Leading personnel shall be offered competitive conditions so that the Company is ensured continuity in management and the possibility to recruit qualified personnel to leading positions which is in the long-term interest of the Company. By competitive conditions are meant conditions on the same level as offered by comparable companies. The remuneration shall be designed so that it promotes added value in the Company, and value for its shareholders in a sustainable matter.
The Company’s leading personnel are the Company’s Chief Executive Officer (CEO), Chief Financial Officer (CFO) and Chief Commercial Officer (CCO).
Remuneration for leading personnel consists of a fixed salary, which constitute the main part of the remuneration and a discretionary bonus. In addition, the remuneration includes other supplementary benefits such as the Company’s defined contribution pension plan, insurances, telephone and broadband.
There are no options programs in the Company. Leading personnel may be given a discretionary bonus if the Company meets defined strategic objectives. The strategic objectives are decided by the Board of Directors annually. Strategic objectives should relate to operational performance, transactions, new projects, or other matters in the interest of the Company. The CEO shall annually prepare a protocol for the Board of Directors documenting to what degree the strategic objectives are met. The Board of Directors will then decide the annual bonus to the leading personnel. A stay-on requirement of eight months may apply for 50% of any bonus payment. These annual bonus payments cannot exceed the equivalent of six monthly salary payments. There are no arrangements related to repayment of variable remuneration.
Leading personnel are included in the Company’s defined contribution pension plan, which is 7% of fixed salary (excluding bonus) up to 7G (the Norwegian National Insurance scheme basic amount), 20% between 7 and 12G and 15% between 12 and 24G.
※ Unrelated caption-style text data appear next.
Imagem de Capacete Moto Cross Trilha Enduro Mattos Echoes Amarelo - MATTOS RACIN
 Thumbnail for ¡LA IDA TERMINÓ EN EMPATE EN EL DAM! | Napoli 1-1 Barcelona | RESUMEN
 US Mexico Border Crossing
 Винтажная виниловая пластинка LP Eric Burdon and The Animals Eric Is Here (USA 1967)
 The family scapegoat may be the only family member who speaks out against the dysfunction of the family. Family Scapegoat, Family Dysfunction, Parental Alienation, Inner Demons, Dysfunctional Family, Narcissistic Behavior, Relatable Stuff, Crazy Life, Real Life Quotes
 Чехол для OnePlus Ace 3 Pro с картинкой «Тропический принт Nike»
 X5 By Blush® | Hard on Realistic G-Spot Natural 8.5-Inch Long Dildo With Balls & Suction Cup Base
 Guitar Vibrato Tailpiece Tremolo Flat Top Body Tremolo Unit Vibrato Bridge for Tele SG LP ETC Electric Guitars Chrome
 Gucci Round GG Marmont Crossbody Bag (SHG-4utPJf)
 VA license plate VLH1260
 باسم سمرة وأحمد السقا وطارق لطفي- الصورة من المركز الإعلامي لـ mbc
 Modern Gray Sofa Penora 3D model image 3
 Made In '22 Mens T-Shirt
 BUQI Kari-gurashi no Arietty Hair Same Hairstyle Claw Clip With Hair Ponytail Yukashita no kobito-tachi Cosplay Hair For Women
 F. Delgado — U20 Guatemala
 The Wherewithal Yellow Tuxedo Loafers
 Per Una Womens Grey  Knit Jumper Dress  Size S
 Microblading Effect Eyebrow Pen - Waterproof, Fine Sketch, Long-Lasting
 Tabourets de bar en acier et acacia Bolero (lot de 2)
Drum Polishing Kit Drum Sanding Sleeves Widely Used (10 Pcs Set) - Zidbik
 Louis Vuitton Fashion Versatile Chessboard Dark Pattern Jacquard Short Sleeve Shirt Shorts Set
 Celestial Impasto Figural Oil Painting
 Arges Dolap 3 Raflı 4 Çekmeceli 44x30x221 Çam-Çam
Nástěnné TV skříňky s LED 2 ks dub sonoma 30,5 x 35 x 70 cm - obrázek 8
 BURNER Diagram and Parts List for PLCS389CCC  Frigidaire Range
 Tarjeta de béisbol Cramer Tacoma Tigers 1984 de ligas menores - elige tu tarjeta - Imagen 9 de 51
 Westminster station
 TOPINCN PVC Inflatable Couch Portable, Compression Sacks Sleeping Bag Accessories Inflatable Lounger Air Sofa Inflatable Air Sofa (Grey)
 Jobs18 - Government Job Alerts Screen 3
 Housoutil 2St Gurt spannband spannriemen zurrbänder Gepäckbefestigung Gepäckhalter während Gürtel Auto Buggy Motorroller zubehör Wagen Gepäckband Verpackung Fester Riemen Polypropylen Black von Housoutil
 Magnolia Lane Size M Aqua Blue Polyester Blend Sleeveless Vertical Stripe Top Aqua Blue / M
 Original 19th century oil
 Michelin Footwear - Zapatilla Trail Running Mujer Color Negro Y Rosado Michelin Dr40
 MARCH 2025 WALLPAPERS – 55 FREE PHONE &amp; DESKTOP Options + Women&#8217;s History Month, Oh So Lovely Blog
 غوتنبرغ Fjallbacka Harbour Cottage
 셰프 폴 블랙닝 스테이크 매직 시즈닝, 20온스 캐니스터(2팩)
The CEO has an agreed severance pay of 12 months fixed salary. No other leading personnel have agreements of severance pay beyond general terms following the Working Environment act. Leading personnel has a notice period of six months.
Beyond the mentioned annual limit for discretionary bonuses, there are no specific limits for the different categories of remunerations or the total level of remuneration to leading personnel. The remuneration shall, however, not be of such character or size that it can damage the Company’s reputation.
The Board of Directors may deviate from any of the provisions in these guidelines if this is required by significant corporate events, such as changes in the Company’s management group, group structure, organization, ownership or business activities that require extraordinary effort from leading personnel. . Any deviation from the guidelines shall be documented in the Board of Directors’ Minute of Meetings together with the reason for why such deviation was deemed necessary.
These guidelines were updated in November 2021 as a continuation of existing terms. They are prepared by the administration supported by the Group HR department, reviewed and approved by the board of directors, and will be approved by the general meeting. Renumeration of the Company’s employees has been considered when developing these guidelines.
The remuneration is not managed by a committee. Thorough processes in the different instances will prevent and deal with potential conflict of interests. Any proposed adjustments to the guidelines will be presented to the general meeting for approval.
An annual remuneration report shall be prepared by the board of directors, providing an overview over paid and outstanding remuneration in accordance with these guidelines. The remuneration report will be presented to the general meeting for advising vote.